Firewall Protection. A firewall helps protect your data from exposure to other people and organizations on the Internet. WSS can be placed either inside or outside the organization’s firewall depending on the function it will play. If WSS will be used to create an extranet or to provide services on the Internet, it is a best practice to use a DMZ network configuration to protect the WSS server.
By default, Windows Server 2003 provides a set of security settings called Internet Explorer Enhanced Security Configuration. These settings limit the types of content that a user at the server can view using Internet Explorer, except for sites listed in the Local intranet and Trusted sites zones. For example, by default, scripting on Internet pages will not run when the site is accessed from the server.
The goal of these settings is to help ensure that a local user on the server will not download a virus or other harmful files from the Internet and infect the server. This is especially pertinent to Web servers. The security features of Internet Explorer Enhanced Security Configuration do not affect remote users viewing content on the server, only users running Internet Explorer on the server computer itself.
Using Internet Explorer Enhanced Security Configuration on a Web Server running WSS prevents some code necessary for viewing site pages or HTML administration pages from running. Again, remote users with proper access rights can still view the pages correctly, but a user running Internet Explorer on the server computer will be unable to view or administer the site. Note also that the user at the server computer will be unable to view and administer a remote SharePoint site because of the security settings.
Adding All the URLs for Virtual Servers
If you choose to add all the URLs for virtual servers and domain named sites to the Local Intranet zone of IE in a Web farm implementation, this must be done on each front-end server that is participating in the WSS Web farm. Depending on the size of the implementation, this could be a time-consuming process.
There are ways to get around this security issue so that a local user can run the necessary scripts from the WSS server and still maintain a level of security:
For simple SharePoint installations, the local administrator can run WSS by using the default localhost name. By default, the SharePoint Central Administration link uses the localhost naming method. This method is not a good option for more complex SharePoint installations that use host-header based site or Web farms.
The recommended workaround that preserves the highest level of security involves adding the URLs for all of the hosted virtual servers to the Internet Explorer Local intranet zone. In a Web farm, the administrator must also add the URLs of all domain named sites to the list of local intranet sites.
Internet Explorer Enhanced Security can also be uninstalled. This is perhaps the least secure alternative. If you are not concerned about users working locally at the Web server, this will resolve any problems with scripts running as expected. This alternative requires the least amount of time to configure as the Internet Explorer Enhanced Security can be uninstalled quickly using Add or Remove Windows Components.
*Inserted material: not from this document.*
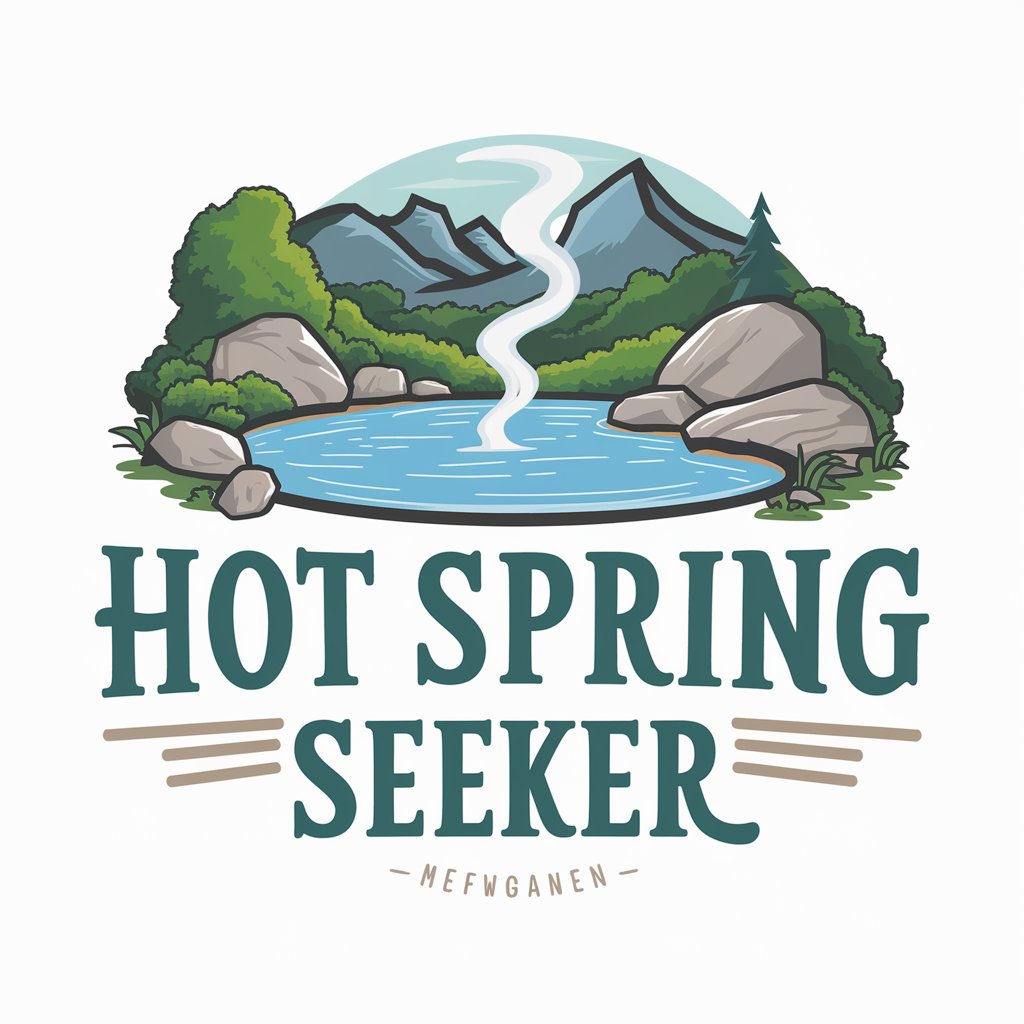 Hot Spring Seeker in GPT Store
Windows SharePoint Services elevates knowledge management to a new level. Rather than simply storing files in network shares, knowledge workers can now leverage file versioning, check-in check-out protection, and flexible customizable Web views to share company data. Despite the fact that WSS was engineered to scale to large Web farm style deployments that can accommodate worldwide collaboration, WSS runs just as well and is quickly deployed in small business and departmental environments. Finally, even though the knowledge worker gains the flexibility and customizing features of a Web-based application, WSS preserves a high level of security through a variety of built-in security measures while leveraging the improved security of Windows Server 2003.